Betsy | 2160 comments Mod
For March 2022 we will be reading The Alignment Problem: Machine Learning and Human Values by Brian Christian.

Please use this thread to post questions, comments, and reviews, at any time.


David Rubenstein (davidrubenstein) | 1040 comments Mod
The Alignment Problem: Machine Learning and Human Values is an excellent book. The biggest problem in artificial intelligence (AI) is to devise a reward function that gives you the behavior you want, while avoiding side effects or unforseen consequences. It was pleasure to read a well-researched book that plumbs to the depths of a complicated subject. Here is my review.


aPriL does feral sometimes  (cheshirescratch) | 352 comments Got it from the library! Now, one, time to read it; two, hope it's not over my pay grade.
; )


message 4: by aPriL does feral sometimes (last edited Mar 14, 2022 05:13PM) (new) - rated it 5 stars

aPriL does feral sometimes  (cheshirescratch) | 352 comments word2vec answer for question put to it, 2015

Doctor - man + woman

Nurse

O _ O

: @


aPriL does feral sometimes  (cheshirescratch) | 352 comments You know, I come from a low/medium income, blue-collar childhood, and I currently live in a senior park full of older people, many who still work, some with no-math and other than math-centric 4-year or Masters college degrees, who downsized from stick housing to trailers. Yet I can see how much harm Big Data algorithms would totally screw up most of these hard-working and well-meaning decent people who've worked all of their lives, but maybe had health issues messing up their work history, and other things that happened that 'look' bad when assigned digitalized factors, (gender, age, "blind" factors) but in real life were harmless, not applicable to the issue at hand being assessed or nothing at all really occurred but yet was flagged.

This may seem off-point, but while in college, I was 'volunteered' by my accounting teachers to help people with with their 1040's, so two of us sat at a table to help with members of the public who had made an appointment for free help. It was shocking. People were so very instruction-illiterate as well as math-scared. Later, I was asked by the manager of my apartment building to help them fill out a 1040 because my husband had told them what I was doing in school. They were in their 40's, and unbelievably math, hell, super form/instruction-illiterates. I also, at one point, volunteered for "Each One Teach One" literacy instructing of adults. I was shocked by the numbers of American men, averaging 30 years old, working at construction and other poorly/medium-paid jobs, who had a high school diploma but could not read much less do any math. Some of them supported a wife and kids, all worked full-time. These algorithms would have destroyed these people if in play thirty years ago.
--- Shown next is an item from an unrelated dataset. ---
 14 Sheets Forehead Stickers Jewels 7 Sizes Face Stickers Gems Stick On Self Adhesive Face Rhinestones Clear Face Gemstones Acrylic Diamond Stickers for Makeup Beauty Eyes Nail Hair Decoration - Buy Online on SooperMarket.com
Most of the people I have worked with (I was a secretary, office manager, and I'm really not very strong mathematically) and many working seniors couldn't begin to understand anything in this book. A REALLY strong effort should be made to explain to regular non-science or non-math-oriented managers these machine-learning programs should not be taken at face value. Managers should be given a 101-simplified version in how these programs go wrong in assessing people's inputted histories. Some successful but now retired seniors I know would have been financially destroyed if these algorithms had been in play during their lives, and they would never have been able to understand how or why, so they wouldn't have been able to defend themselves, then or now.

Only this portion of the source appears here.